### YOUR GOAL
The entries need to be copied exactly as they stand, images left out.

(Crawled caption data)
= = = = =

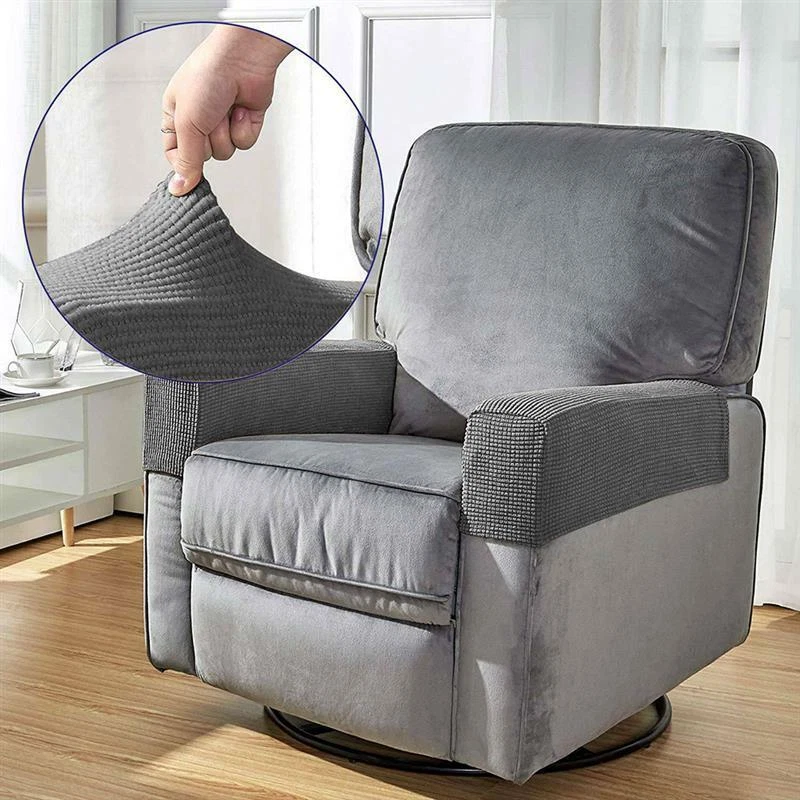 Armchair cheap armrest covers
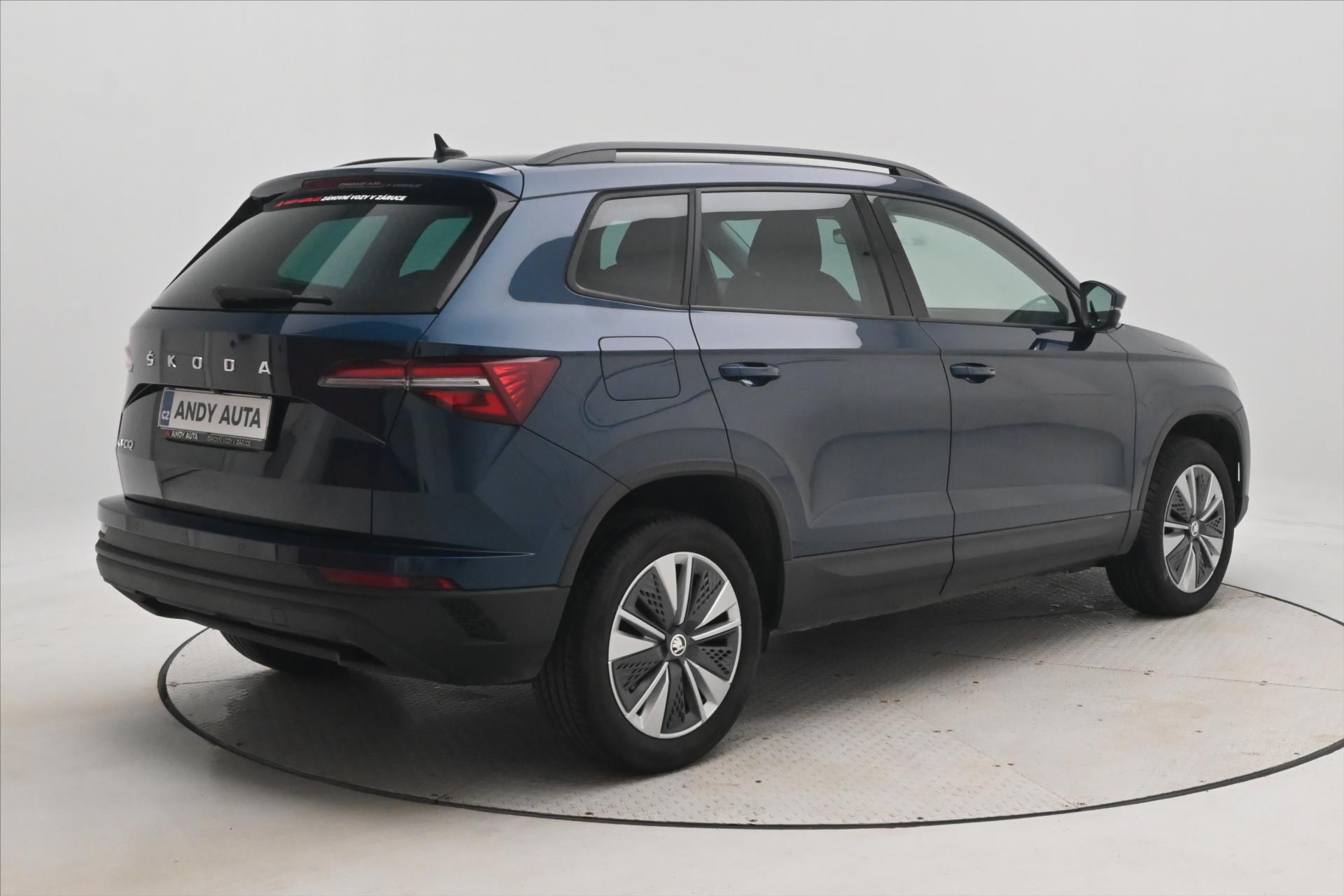 Main photo of the car Skoda Karoq 2.0 TDI 85 kW DSG Ambition Warranty up to 5 years (5)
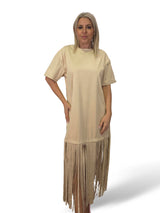 VESTIDO ANTELINA FLECOS JOT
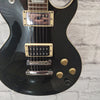 Monoprice Black LP Style Guitar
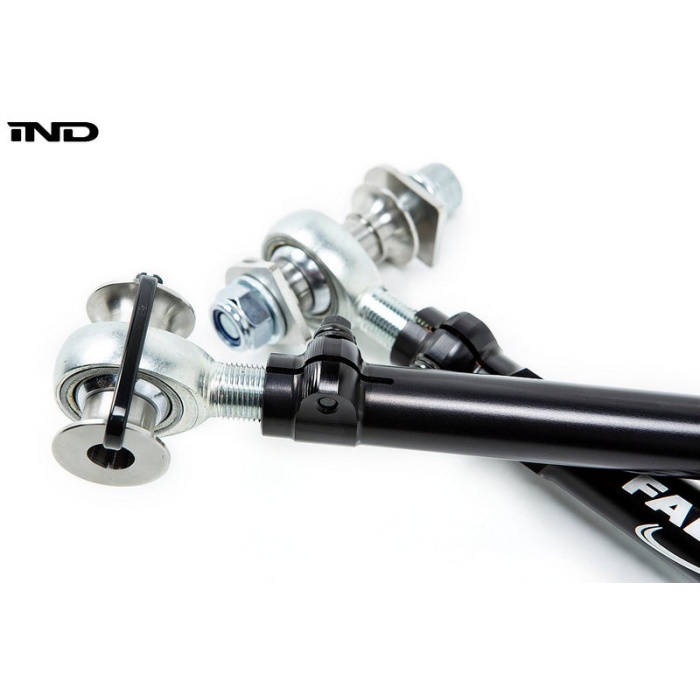 Fall-Line Motorsports G8X / F8X Adjustable Toe Arm Set - Race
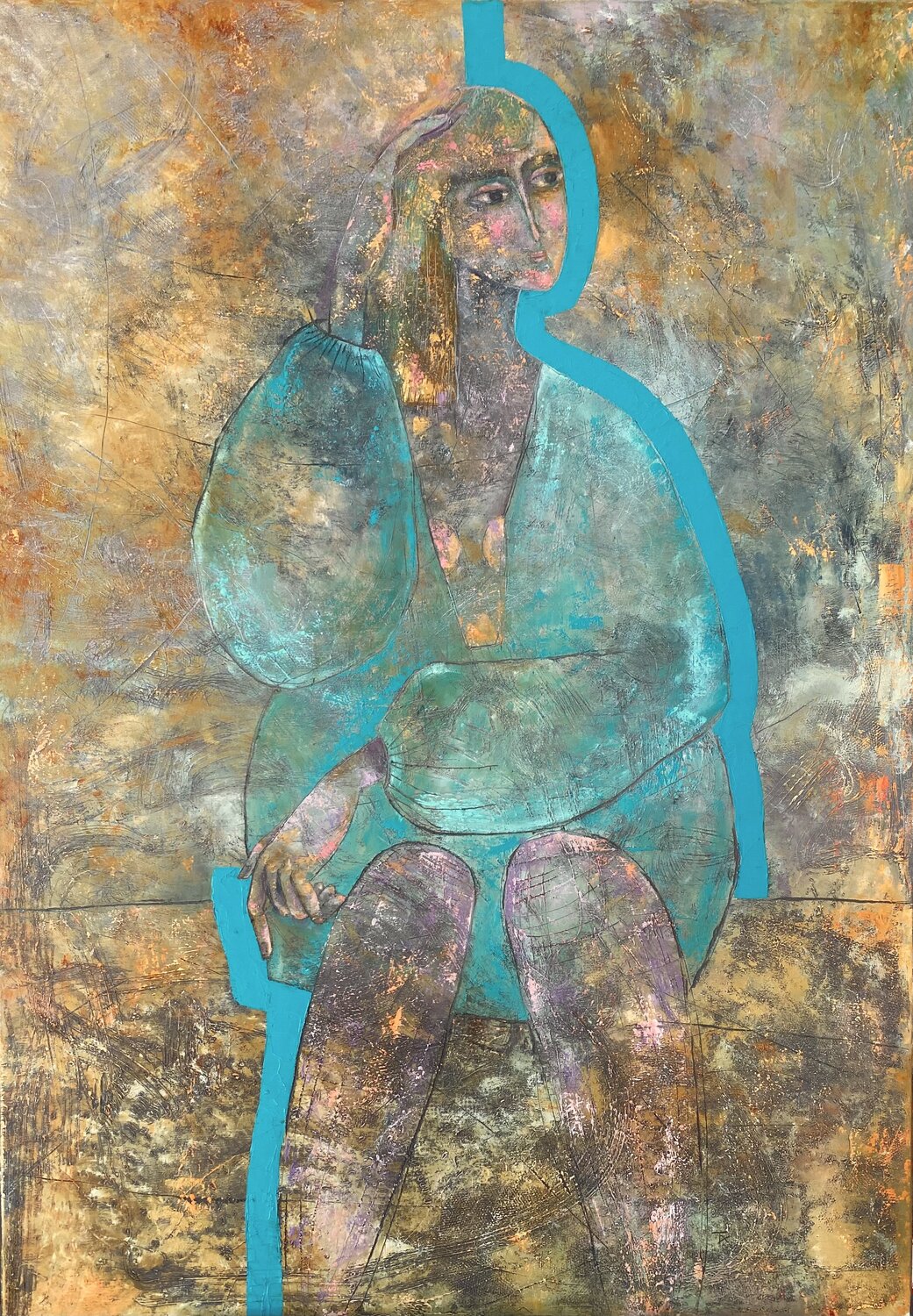 Midnight Tatiana Harizanova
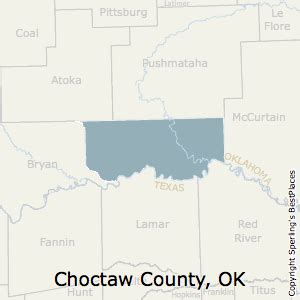 Choctaw County, OK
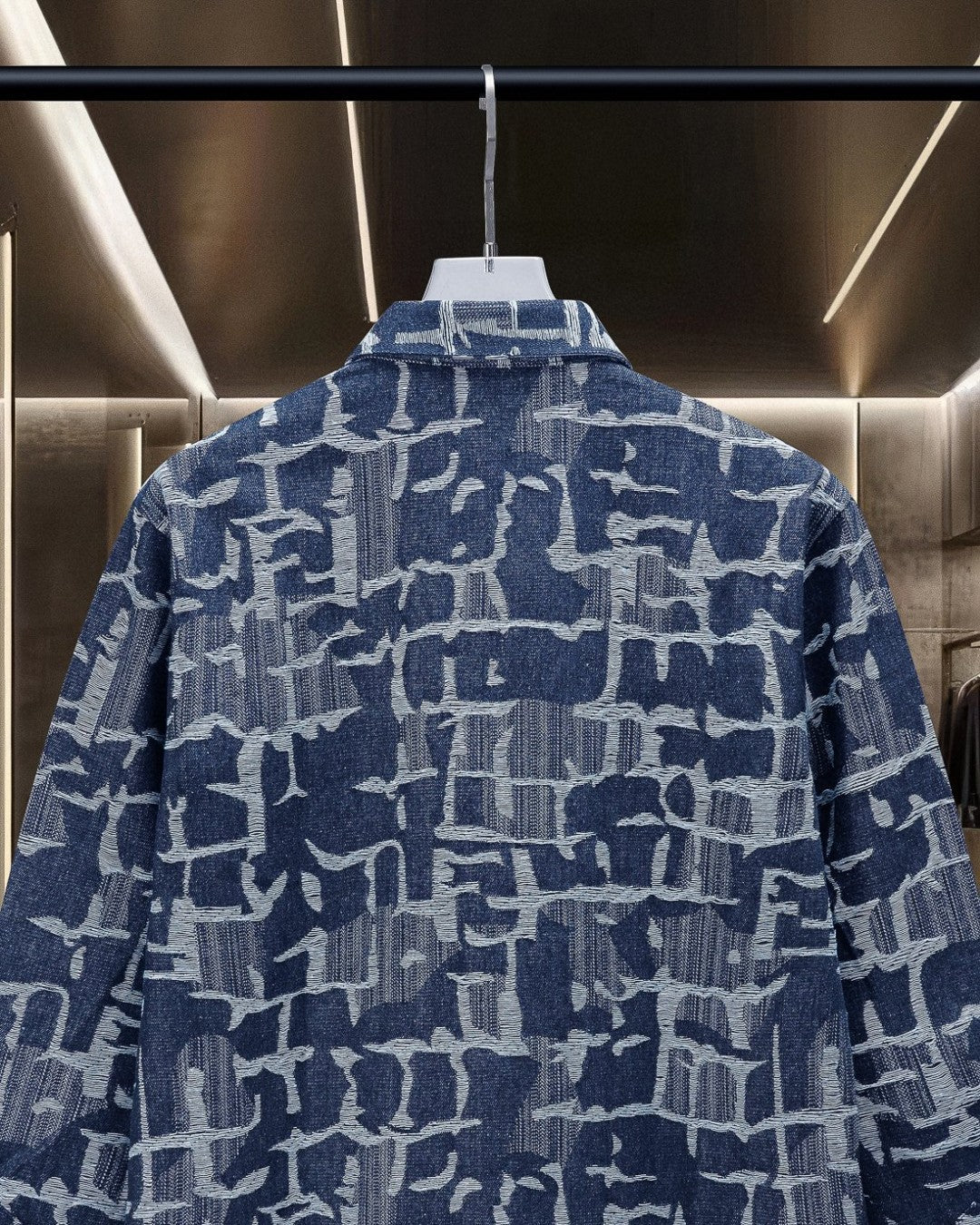 LuxluxHouse Best Quality Clothes Shirts&Polo Fendi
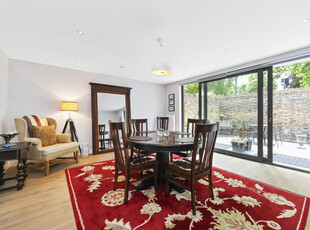 4 bedroom house for rent in Meadowbank, Primrose Hill, NW3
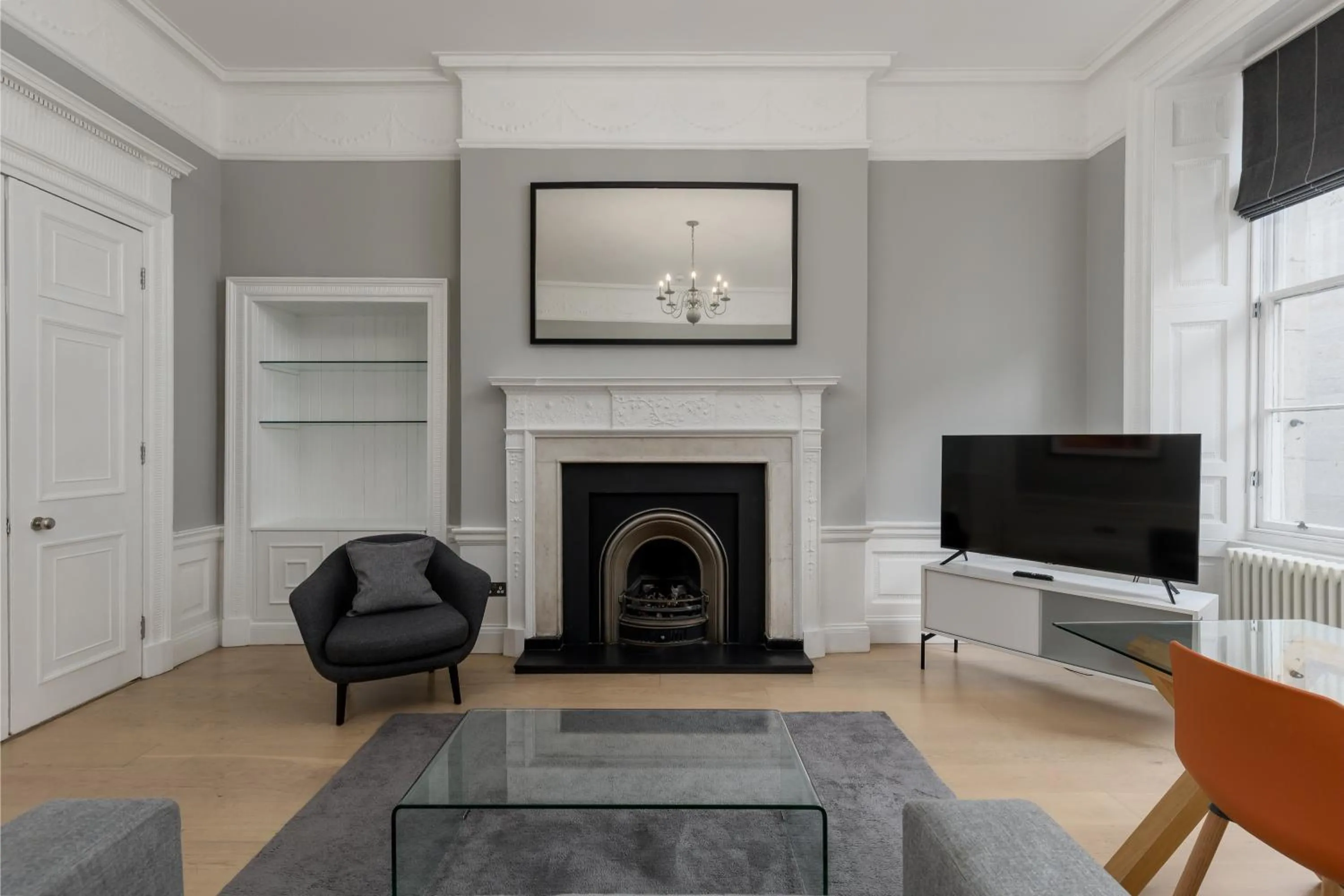 Destiny Scotland - Hill Street Apartments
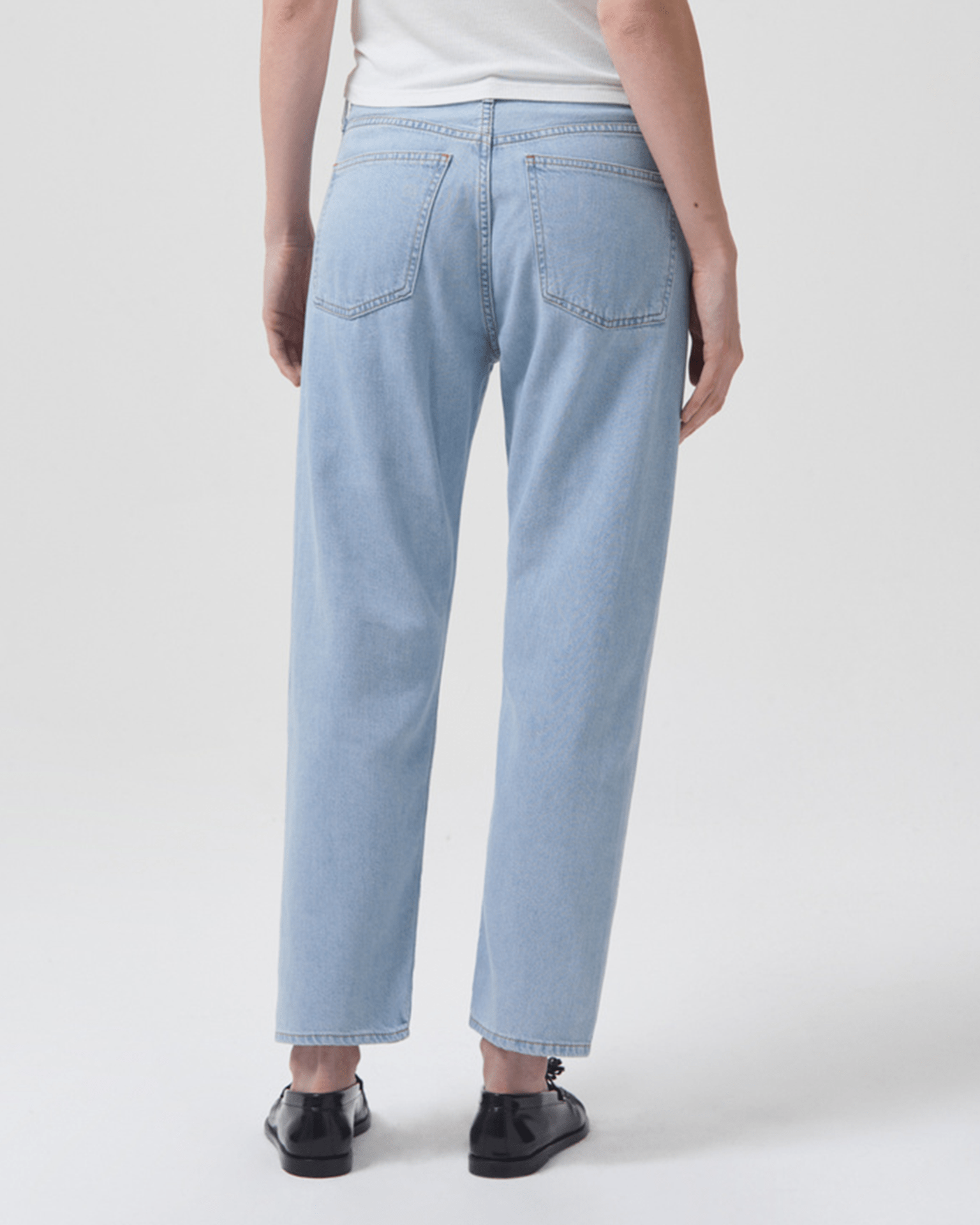 Parker Jean in Pivot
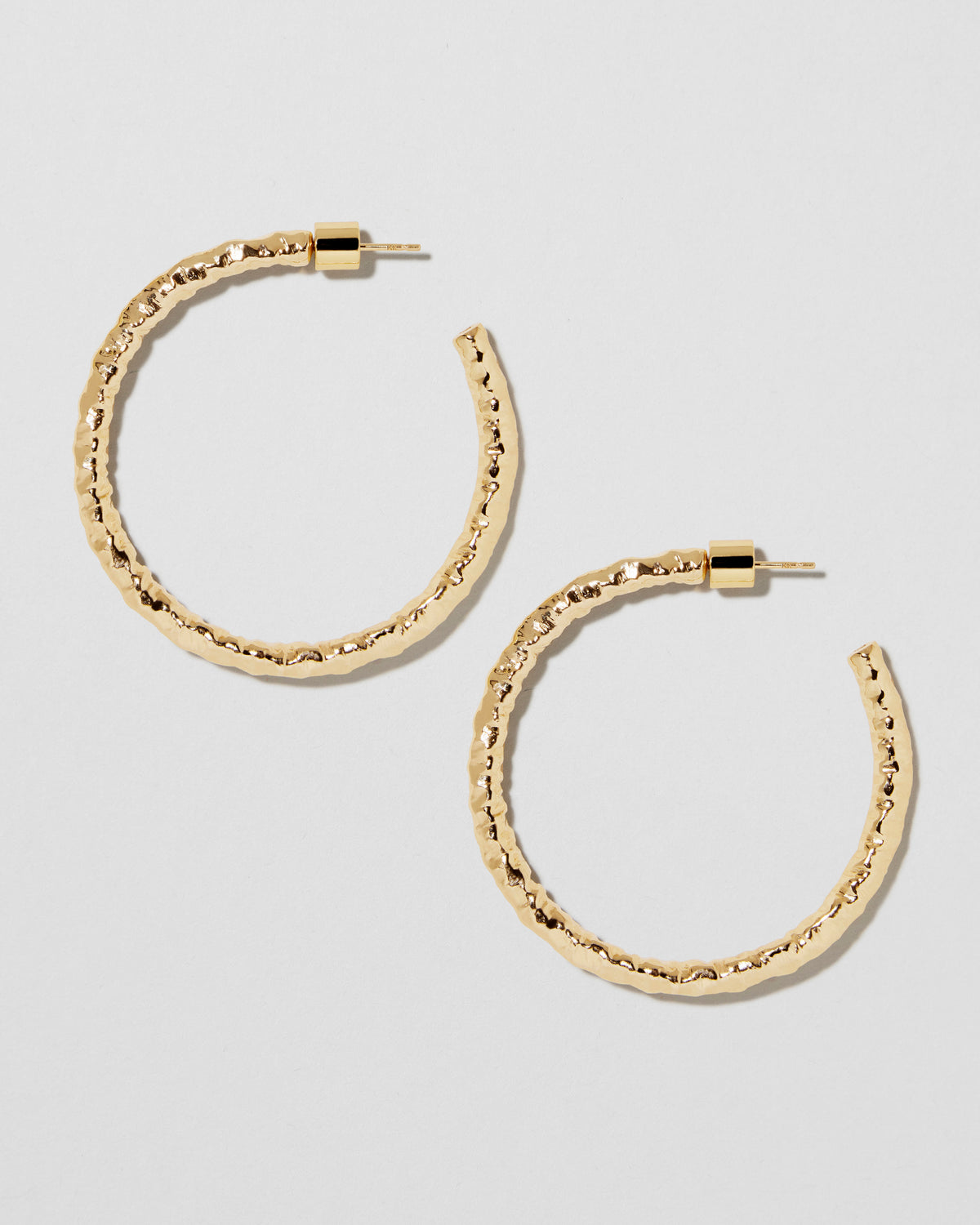 1.5" Hailey Hoops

= = = = =

### TASK SOLUTION
 Armchair cheap armrest covers
 Main photo of the car Skoda Karoq 2.0 TDI 85 kW DSG Ambition Warranty up to 5 years (5)
 VESTIDO ANTELINA FLECOS JOT
 Monoprice Black LP Style Guitar
 Fall-Line Motorsports G8X / F8X Adjustable Toe Arm Set - Race
 Midnight Tatiana Harizanova
 Choctaw County, OK
 LuxluxHouse Best Quality Clothes Shirts&Polo Fendi
 4 bedroom house for rent in Meadowbank, Primrose Hill, NW3
 Destiny Scotland - Hill Street Apartments
 Parker Jean in Pivot
 1.5" Hailey Hoops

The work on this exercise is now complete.